Éste ha sido, y sigue siendo en muchos casos, el itinerario de nuestra vida de fe. De pequeños creemos más en un Dios <<tapagujeros>>, en el decir de Bonhoeffer, que en el Dios de la vida. de adulto, se supone una fe entregada, consciente, que asume con todas las consecuencias qué es y qué significa identificarse con Cristo, seguirlo, amarlo. Por esta razón, sería bueno que pensásemos en qué tramo del camino de la fe nos encontramos. Porque, cuanto más estamos convencidos de que ya hemos llegado a la meta, más largo es el camino que nos queda por recorrer.
La fe no es una cuestión de días o de horas; es una cuestión de toda la vida. YH cuanto más firme es nuestra fe, más tiene que aguantar los envites de las tormentas y de las tempestades, de las dudas, de los silencios de Dios; más tendrá que esforzarse por descubrir la voluntad de Dios en un mundo que ha proclamado oficialmente su muerte.

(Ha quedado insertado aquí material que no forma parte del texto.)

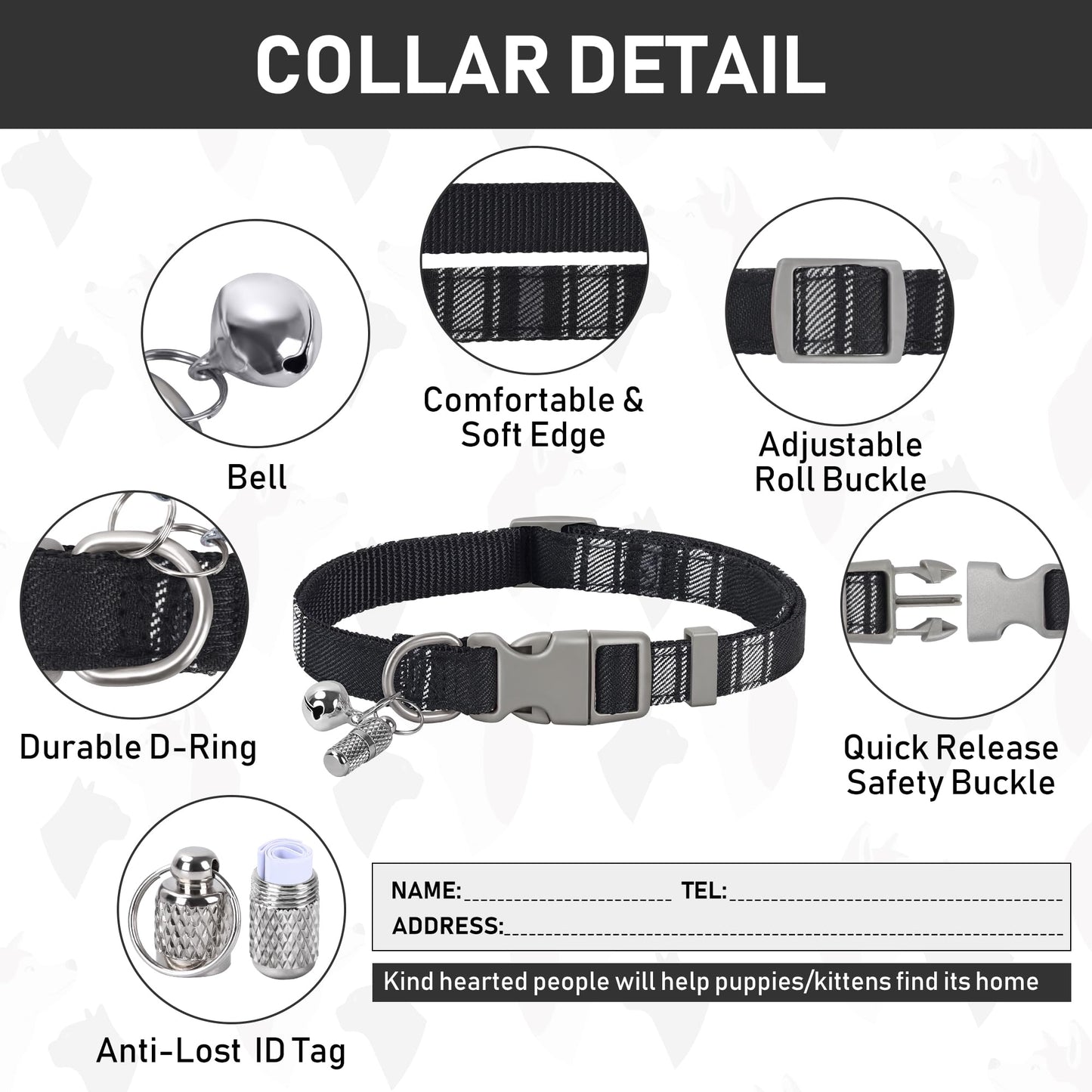 GAMUDA Dog Harness Collar and Leash Set, Horse Care Sheets, No Chock No Pull Adjustable Vest Harnesses Plaid Reflective for Medium Dog, Cat, Small Horse, Small Bull and Pig (Black, M)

En la segunda escena, la resurrección de la hija de Jairo, San Marcos nos encara frente al absurdo humano que, en algunas ocasiones, supone creer. Un absurdo generado por nuestro exceso de <<razones>>, de lógica, de vivir la vida sólo <<de tejas para abajo><. Es el absurdo de querer convertir la fe en un cúmulo de respuestas claras y precisas, desechando todo misterio y todo abandono en las manos de Dios.
Por eso, cuando Dios nos revela su voluntad, nos sobrecoge, unas veces, y nos parece un imposible, otras. Y éste es el problema: que la voluntad de Dios no encaja con la nuestra. Por eso, las propuestas de Dios nos resultan disparatadas o fuera de tono, provocando en nosotros un cierto aire de escepticismo o, en el mejor de los casos, una fina hilaridad. En el fondo, vivimos en una paradoja: decimos que creemos, pero de facto somos incrédulos.
No nos confundamos, a Dios le pedimos ingenuamente pruebas, pero confiamos ciegamente en los postulados de la ciencia y de la técnica, a los que tenemos como <<la voz de Dios>>, según Heidegger. Razonamos la fe, al tiempo que mitificamos la razón. Por eso, la fe mágica de la hemorroísa es mucho más verdadera que esta fe <<modernista autosuficiente>>, que sólo cree en lo que es humanamente posible. Aquélla cuenta, al menos, con un minúsculo germen de lo que más tarde será una absoluta y firme fidelidad y confianza en Dios; ésta prescinde de Dios. Sólo confía en sí misma. No entiende que lo que es imposible para ella es posible para Dios.
Mis queridos hermanos y amigos, como la hemorroísa, o como Jairo, tengamos absoluta confianza en el poder de Dios, que se traduce en fiarnos enteramente de Él; en dejarlo hacer, aunque de entrada no comprendamos.
Hemos de creer que el Dios que nos ha manifestado Jesús es un Padre que cuida de nosotros, mucho más que de los pájaros del cielo o de los lirios del campo. Un Padre, al que si le pedimos pan, no nos dará una piedra. Dios siempre nos escucha y nos responde, aunque sus caminos no siempre coincidan con los nuestros. Como dice Romano Guardini: <<Es hermoso sentirse unido con Dios en la solicitud de la persona amada y pensar que ésta queda envuelta y protegida en esta unidad>>.